Keep in mind that the information about the lecturer is, albeit important to the relevance of the review, also subject to change. If you want to point out differences between lecturers of the same course, please feel free to do so.

Preliminary Notes on Taking "Foreign" Courses

Finding cool courses

Ask Your Advisor

Pay attention to bureaucracy! It is a good idea to ask your current student's adviser whether a course can be counted towards your studies or not. Do this in advance, if possible. In some cases you will have to make a deal with the lecturer, e.g., taking an exam even though other people do not take exams in that course. Unless counted towards key qualification, all Scheins for ISCL need to be equipped with a grade! In any case, give it a try, most people involved are cooperative.

(INFORMATION WANTED: What about AS? AS students please edit here!)

ISCL with a minor in General Linguistics

On April 19, 2012, Mr Sauer from the Prüfungsamt said that ISCLers with a General Linguistics minor need a total of 24 key qualification points (ECTS). 15 of them are counted for the major and 9 for the minor. There is no distinction in content between the key qualification courses for the major and the ones for the minor. This matches exactly what the Prüfungsordnung says.

Students whose native language is German have to do a language course with at least 2 SWS in a language that is usually not taught in school. The required course "Wiss. Englisch" mentioned in the Prüfungsordnung is covered by the Academic Writing course that students have to do anyway. Prof. Sternefeld has confirmed these two points. Otherwise, there is absolutely no restriction on the content of key qualification courses, although I haven't asked Prof. Sternefeld about the requirements for students whose native language is not German.

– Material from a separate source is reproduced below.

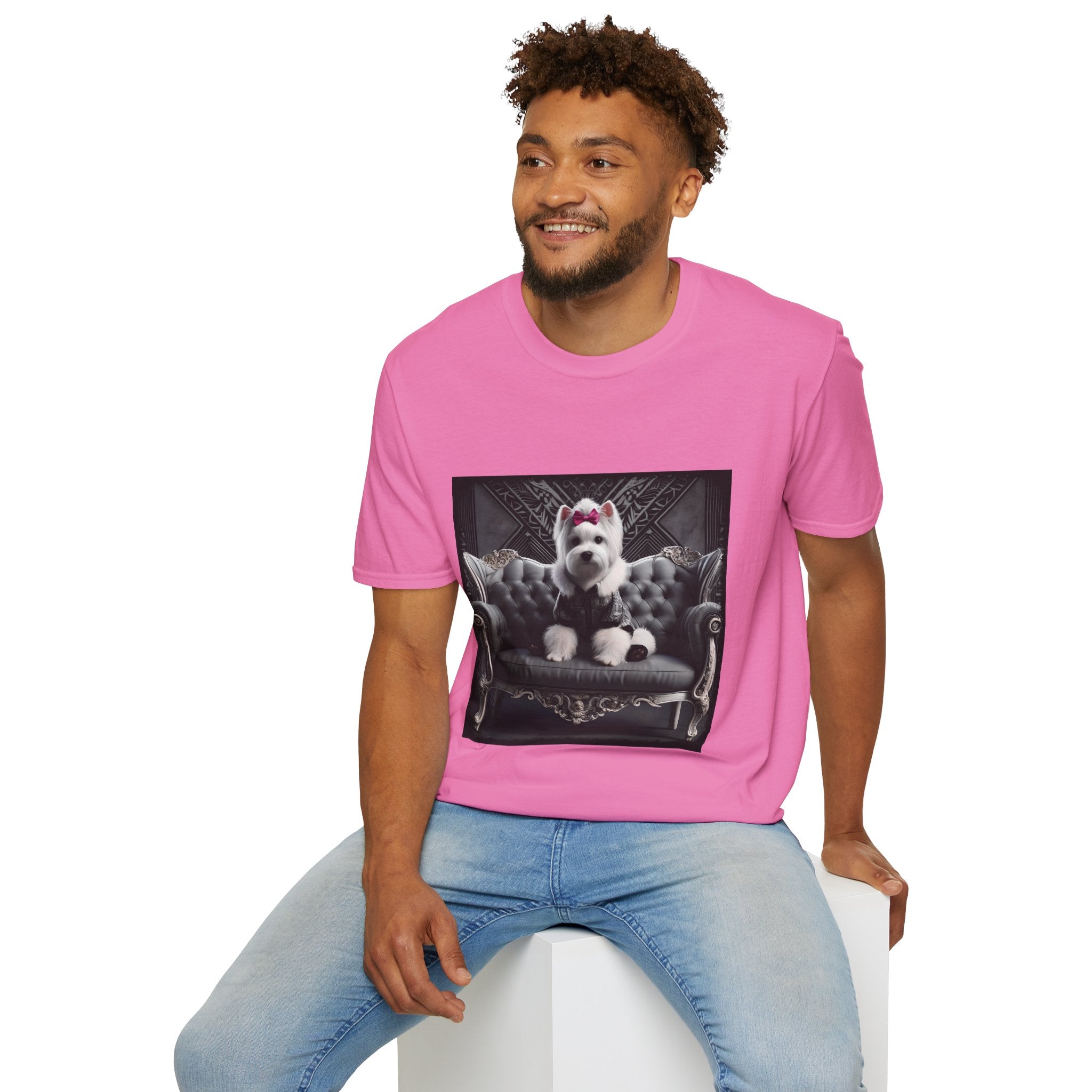 Male model in pink dog t-shirt featuring Westie in black outfit with pink bow seated on ornate gothic black couch.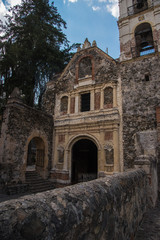 Fototapeta na wymiar Facade Of Parish of Our Lady of Loreto, inside the Hacienda of Santa María Regla, in Huasca Mexican Town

All this refers to the 2005 version of the Prüfungsordnung.

Languages

Urdu I-II

Hindi-Urdu is one of the most spoken languages of the world, being understood and used in northern India and Pakistan. The courses over at Indologie will not only teach you how to speak the standard Urdu Dialect, but also give you insight into contemporary Pakistani culture. Urdu I through II are not overly time intensive, but be prepared to learn a whole new writing system and a lot of vocabulary. Urdu uses a similar writing system as in Arabic and Persian. The atmosphere is very nice and friendly and you will surely get to know interesting people! There are regular cultural parties there including foods and music. There is an exam at the end of course assessing skills for Urdu-German-Urdu translation skills. This course can be taken as a 'mandatory structure course' required for General Linguistics minors (this has been confirmed by Prof. Dr. Christian Ebert) (and maybe help prevent Indologie from being closed down because of the lack of students...)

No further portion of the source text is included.